### Exercise goal:
For the material below, the expected output is exactly the lines between the line holding "2 bedroom flat" and the line holding "Chorlton-cum-Hardy House |", inclusive, with pictures left out.

### Provided records:
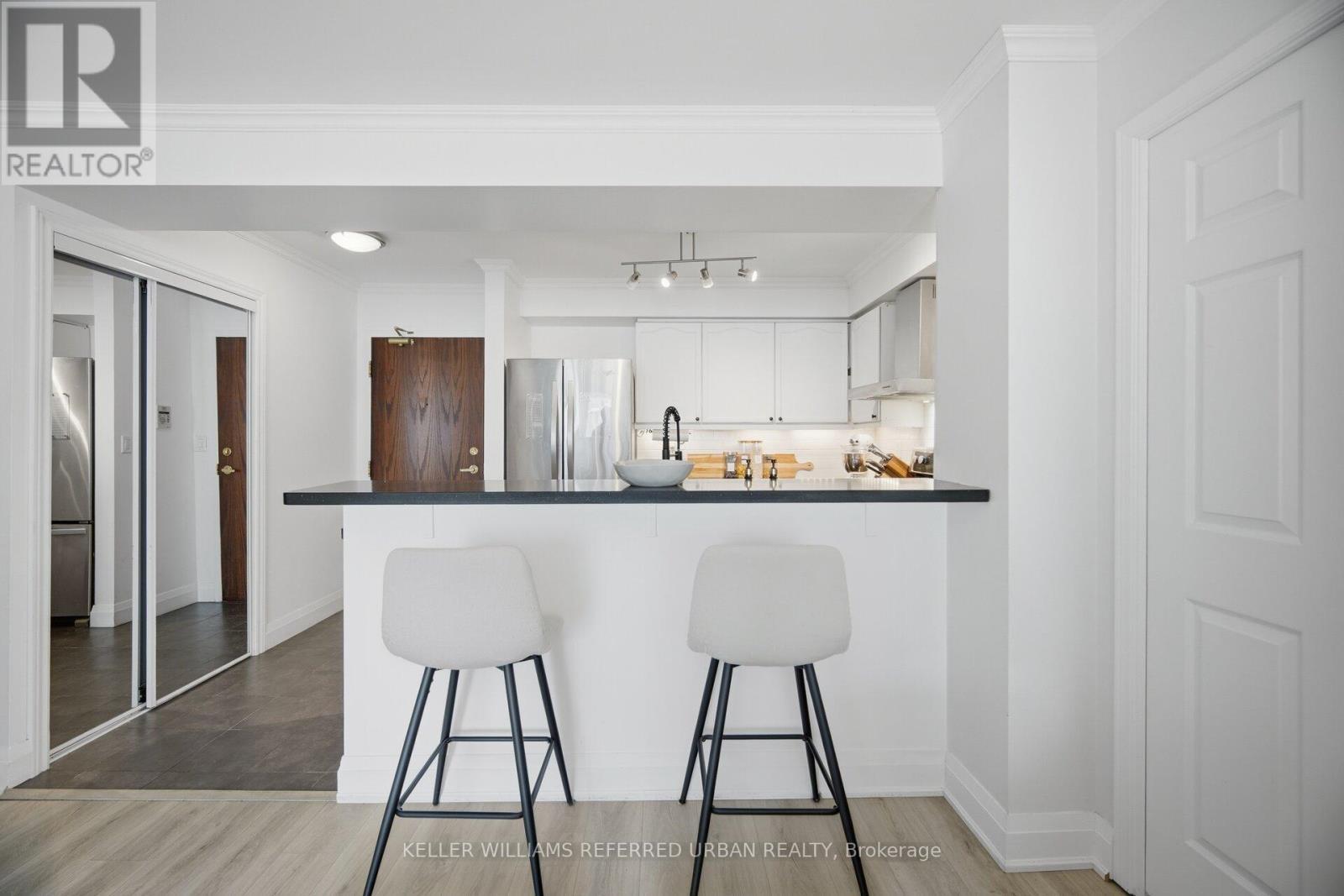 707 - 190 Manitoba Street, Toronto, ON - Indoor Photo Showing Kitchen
---
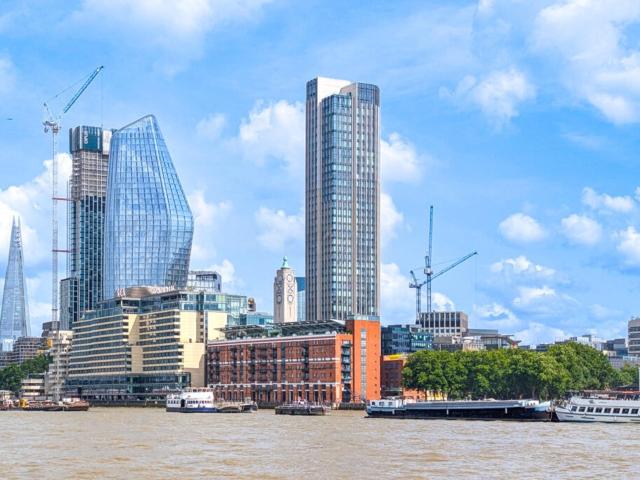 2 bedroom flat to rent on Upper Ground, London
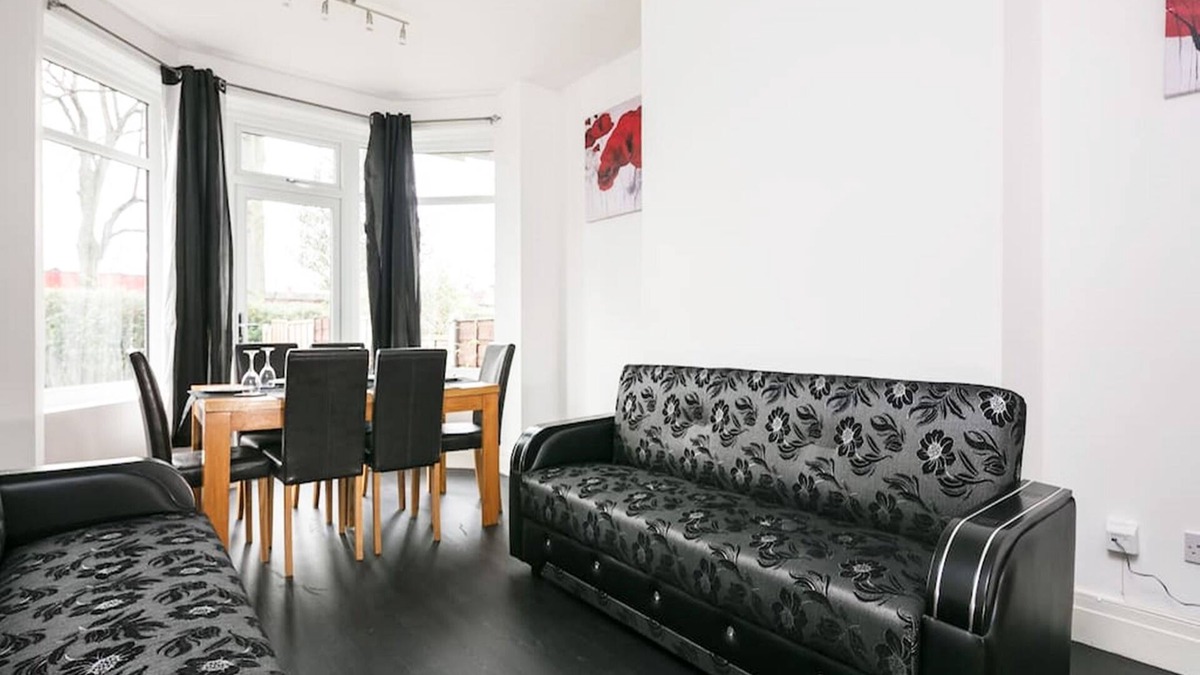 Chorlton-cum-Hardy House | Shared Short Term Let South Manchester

### Task output:
 2 bedroom flat to rent on Upper Ground, London
 Chorlton-cum-Hardy House | Shared Short Term Let South Manchester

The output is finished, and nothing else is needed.